From a managerial perspective, these findings translate into several actionable recommendations for retailers. First, adopting differentiated pricing strategies (e.g. basic, premium, and ecological PL tiers) can help address diverse consumer segments while reinforcing perceived value. Second, investing in visual cues and distinctive packaging, such as eco-labels and third-party certifications, can offset lower brand awareness and enhance credibility. Third, assortment strategies should prioritize consistency, availability, and cultural relevance, offer regionally adapted products and reinforce identity through shelf layout and in-store messaging. Lastly, transparent communication about product origin, ethical sourcing, and retailer values can strengthen consumer trust and emotional loyalty, especially among younger, more sustainability-oriented consumers.
5.1 Limitations
While this study provides valuable insights, several limitations should be acknowledged. First, the geographical focus on Spain limits the generalizability of the findings to broader international contexts that may differ in retail structures, the maturity of private label markets, and consumer preferences.
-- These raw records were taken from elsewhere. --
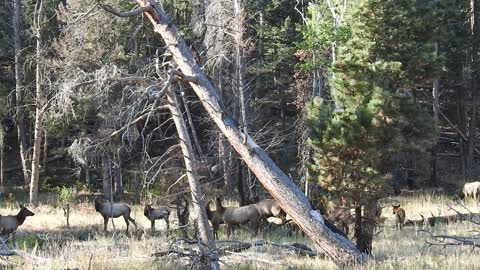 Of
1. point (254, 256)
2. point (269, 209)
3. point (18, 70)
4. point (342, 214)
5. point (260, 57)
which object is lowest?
point (254, 256)

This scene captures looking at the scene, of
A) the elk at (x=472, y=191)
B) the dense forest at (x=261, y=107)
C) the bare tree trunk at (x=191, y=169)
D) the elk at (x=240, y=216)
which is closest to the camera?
the dense forest at (x=261, y=107)

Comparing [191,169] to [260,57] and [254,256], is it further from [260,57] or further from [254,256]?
[260,57]

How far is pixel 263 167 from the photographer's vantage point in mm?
9836

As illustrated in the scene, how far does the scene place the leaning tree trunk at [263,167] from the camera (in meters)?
9.52

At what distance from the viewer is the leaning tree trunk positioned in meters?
9.52

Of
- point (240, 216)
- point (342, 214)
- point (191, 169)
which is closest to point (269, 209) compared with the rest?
point (240, 216)

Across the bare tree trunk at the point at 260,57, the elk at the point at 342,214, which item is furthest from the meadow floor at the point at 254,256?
the bare tree trunk at the point at 260,57

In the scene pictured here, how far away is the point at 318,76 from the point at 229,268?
14.5m

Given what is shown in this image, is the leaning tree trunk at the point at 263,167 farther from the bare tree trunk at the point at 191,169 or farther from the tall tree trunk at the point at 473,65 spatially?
the tall tree trunk at the point at 473,65

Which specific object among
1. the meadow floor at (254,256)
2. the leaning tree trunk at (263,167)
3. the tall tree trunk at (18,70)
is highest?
the tall tree trunk at (18,70)

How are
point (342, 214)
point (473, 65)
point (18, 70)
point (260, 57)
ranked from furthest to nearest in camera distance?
point (473, 65) → point (260, 57) → point (18, 70) → point (342, 214)

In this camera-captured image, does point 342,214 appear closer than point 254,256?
No

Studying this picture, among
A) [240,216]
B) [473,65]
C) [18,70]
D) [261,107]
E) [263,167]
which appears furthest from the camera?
[261,107]

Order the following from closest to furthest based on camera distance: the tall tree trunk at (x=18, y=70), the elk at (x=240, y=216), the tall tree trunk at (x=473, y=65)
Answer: the elk at (x=240, y=216), the tall tree trunk at (x=18, y=70), the tall tree trunk at (x=473, y=65) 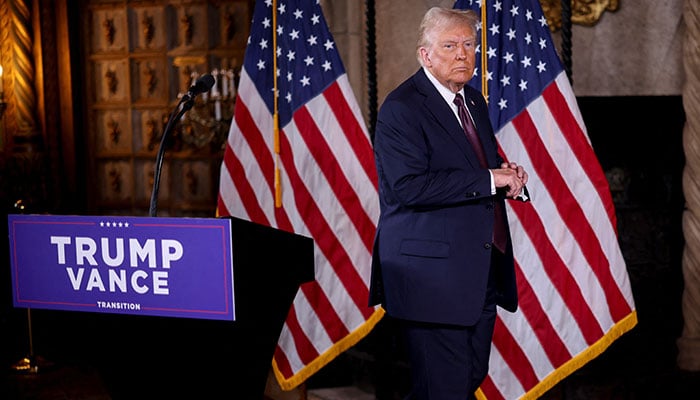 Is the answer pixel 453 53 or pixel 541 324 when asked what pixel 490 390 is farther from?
pixel 453 53

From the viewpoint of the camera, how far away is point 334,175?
13.8ft

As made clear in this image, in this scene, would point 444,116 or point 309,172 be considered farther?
point 309,172

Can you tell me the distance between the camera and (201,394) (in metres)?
2.93

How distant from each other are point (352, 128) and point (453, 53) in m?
1.34

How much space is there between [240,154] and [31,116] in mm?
2564

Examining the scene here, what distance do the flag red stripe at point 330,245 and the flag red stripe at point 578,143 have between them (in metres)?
1.15

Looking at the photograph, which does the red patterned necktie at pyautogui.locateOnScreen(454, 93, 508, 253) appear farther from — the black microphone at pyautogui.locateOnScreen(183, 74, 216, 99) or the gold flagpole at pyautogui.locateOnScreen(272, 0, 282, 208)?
the gold flagpole at pyautogui.locateOnScreen(272, 0, 282, 208)

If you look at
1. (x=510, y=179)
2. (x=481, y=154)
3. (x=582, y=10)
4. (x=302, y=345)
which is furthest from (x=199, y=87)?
(x=582, y=10)

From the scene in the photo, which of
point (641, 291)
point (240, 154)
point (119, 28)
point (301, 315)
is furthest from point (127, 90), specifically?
point (641, 291)

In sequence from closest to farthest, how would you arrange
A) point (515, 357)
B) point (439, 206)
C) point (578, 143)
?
point (439, 206) → point (578, 143) → point (515, 357)

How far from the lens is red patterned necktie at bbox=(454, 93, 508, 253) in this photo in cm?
302

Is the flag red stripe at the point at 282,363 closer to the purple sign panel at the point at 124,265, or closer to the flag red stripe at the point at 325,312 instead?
the flag red stripe at the point at 325,312

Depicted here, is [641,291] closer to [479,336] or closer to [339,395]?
[339,395]

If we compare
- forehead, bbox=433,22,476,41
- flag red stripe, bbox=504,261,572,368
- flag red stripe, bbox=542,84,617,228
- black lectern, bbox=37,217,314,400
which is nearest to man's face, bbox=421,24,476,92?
forehead, bbox=433,22,476,41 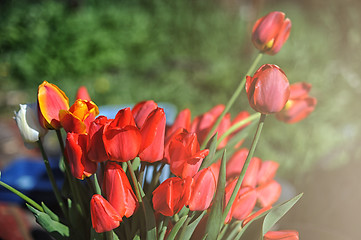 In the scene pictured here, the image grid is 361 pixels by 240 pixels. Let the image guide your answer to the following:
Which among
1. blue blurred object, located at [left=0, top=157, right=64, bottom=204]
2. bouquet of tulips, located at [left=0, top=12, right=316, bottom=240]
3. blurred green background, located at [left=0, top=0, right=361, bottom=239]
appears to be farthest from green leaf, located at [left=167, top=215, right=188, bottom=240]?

Second, the study relies on self-reported survey data, which may be affected by response biases and does not fully capture the complexity of real-world in-store behaviour. Furthermore, qualitative dimensions of consumer experience, such as emotional responses, symbolic brand meanings, or habitual purchasing rituals, remain unexplored.
Another important limitation is the lack of integration of macro-environmental variables, such as economic downturns, inflation volatility, supply chain disruptions, or regulatory developments (e.g. sustainability requirements or food labelling standards). These contextual factors can significantly influence both retailer strategies and consumer attitudes toward PLs.
Taken together, these limitations underscore the need for more integrative research approaches in future studies. Combining quantitative and qualitative methods and accounting for economic, social, and regulatory dynamics would help generate more robust and generalizable insights into private label consumption behaviour.
5.2 Future lines of research
Future research should aim to deconstruct the key components of product quality that consumers associate with PL loyalty ranging from durability and taste to packaging, design, and perceived safety. A more granular analysis of the other loyalty drivers identified in this study, such as perceived utility, price sensitivity, brand familiarity, and cultural alignment, would also enrich the theoretical understanding of PL loyalty mechanisms.
In addition, future studies could explore the role of sensory and atmospheric stimuli in physical retail environments, including lighting, scent, background music, and store layout. These elements may significantly influence consumer perceptions, emotions, and purchase intentions, particularly in low-involvement categories where emotional differentiation is minimal.
Another promising avenue involves investigating the impact of consumer memory and brand recall, to better understand how sensory cues and in-store experiences shape long-term brand associations. Experimental designs could be used to measure how variables such as packaging aesthetics, shelf placement, or promotional framing affect brand recognition and loyalty toward PLs.
Finally, future research would benefit from adopting experimental and quasi-experimental designs, including A/B testing in digital retail platforms or in-store behavioural tracking. These methodologies would allow for a more accurate identification of causal relationships between specific marketing stimuli and consumer responses, thereby enhancing the evidence base for effective PL strategy development.